You might think it impossible for people to hate meetings any more than they already do.
But you’d be wrong.
To be fair, people don’t hate all meetings — they hate bad meetings. We’ve all experienced that unavoidable feeling of frustration when an ineffective meeting takes us away from accomplishing something else or disrupts our flow of work, making our entire day feel less productive than it could have been. It’s even worse when it happens across multiple meetings throughout the day.
Of course, ask any employee and they will tell you that they do, in fact, see enormous value in meeting to collaborate, create, and communicate detailed information more efficiently than they could through email or messaging apps. If they didn’t, we’d naturally have fewer meetings on our calendars.
Still, meetings have earned a reputation as, at best, a necessary evil. So why is that?
If you start to dig into the problem, a trend begins to emerge. More often than not, the problem is in the way meetings are run — unclear goals, meandering presentations, off-topic discussions, distracted participants, and the fact we all have other work competing for our time collectively conspire to frustrate all of us at one point or another.
Does it have to be that way? In a word, no.
But does most of the advice out there about running a better meeting actually make meetings better? Also no.
Rather than let bad meeting behaviors continue to wreak havoc on people’s schedules, job satisfaction, and the company’s bottom line, leaders at organizations everywhere are enacting new — and often dubious — rules for running more effective meetings.
From arbitrary caps on the length of meetings or the number of attendees to making everyone stand for the duration of the meeting or even designating one person to attend the meeting just to take notes — these widely-cited “best practices” do little to curb bad meeting behaviors.
What’s more, all of this questionable advice does little to actually improve meetings, while giving your employees new reasons to hate them.
10 Meeting Productivity Tips You Should Probably Avoid
Before we dive into the worst advice, we’d be remiss not to point out there are some honestly helpful tips out there for more productive meetings. Setting a clear agenda, starting and ending meetings on time, sending materials in advance, and assigning action items at the end can all help make meetings more useful and less frustrating.
Beyond those, however, there are any number of more questionable — even downright narcissistic — “effective meeting” strategies that companies regularly attempt to adopt in hopes of making meetings better.
Here is a list of the 10 worst ideas that are commonly touted as good solutions for more productive meetings that you should probably avoid:
1. Schedule meetings that start at odd times
(A bad idea recommended by CBS News)
Team members less-than-enthused to join your meetings? Maybe they’ll like them more at odd hours! There are many variations on this recommendation, from scheduling meetings really early or really late in the day, or even starting meetings at an unexpected time, say 7 minutes past the hour.
Of course, the idea that irregular scheduling somehow increases the worth of a meeting in the eyes of employees defies logic. Attendees may be more likely to notice the oddity of this strategy, but mostly they’ll be irritated by the added disruption it causes in their workdays. No one wants to arrive early or stay late at the office to attend your meeting, and the sheer lack of consistency forces people to work even harder to manage their already busy schedules.

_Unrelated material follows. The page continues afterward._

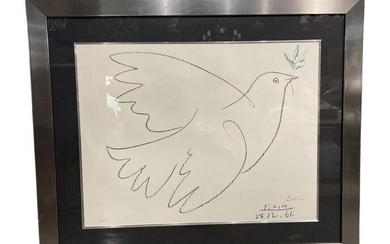 Signed Pablo Picasso (Spanish, 1881-1973) Lithograph in Color Dove of Peace 1961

2. Only schedule meetings on Wednesday
(A bad idea recommended by Forbes)
Imagine if you could only run all your errands one day each week. Bank, groceries, cleaners, healthcare checkups, and everything else — all of it can only be done that one day, or else it has to wait until next week. To be fair, as a strategy for managing meetings, it sounds great at first — you’ve got the whole rest of the week open for your own personal productivity!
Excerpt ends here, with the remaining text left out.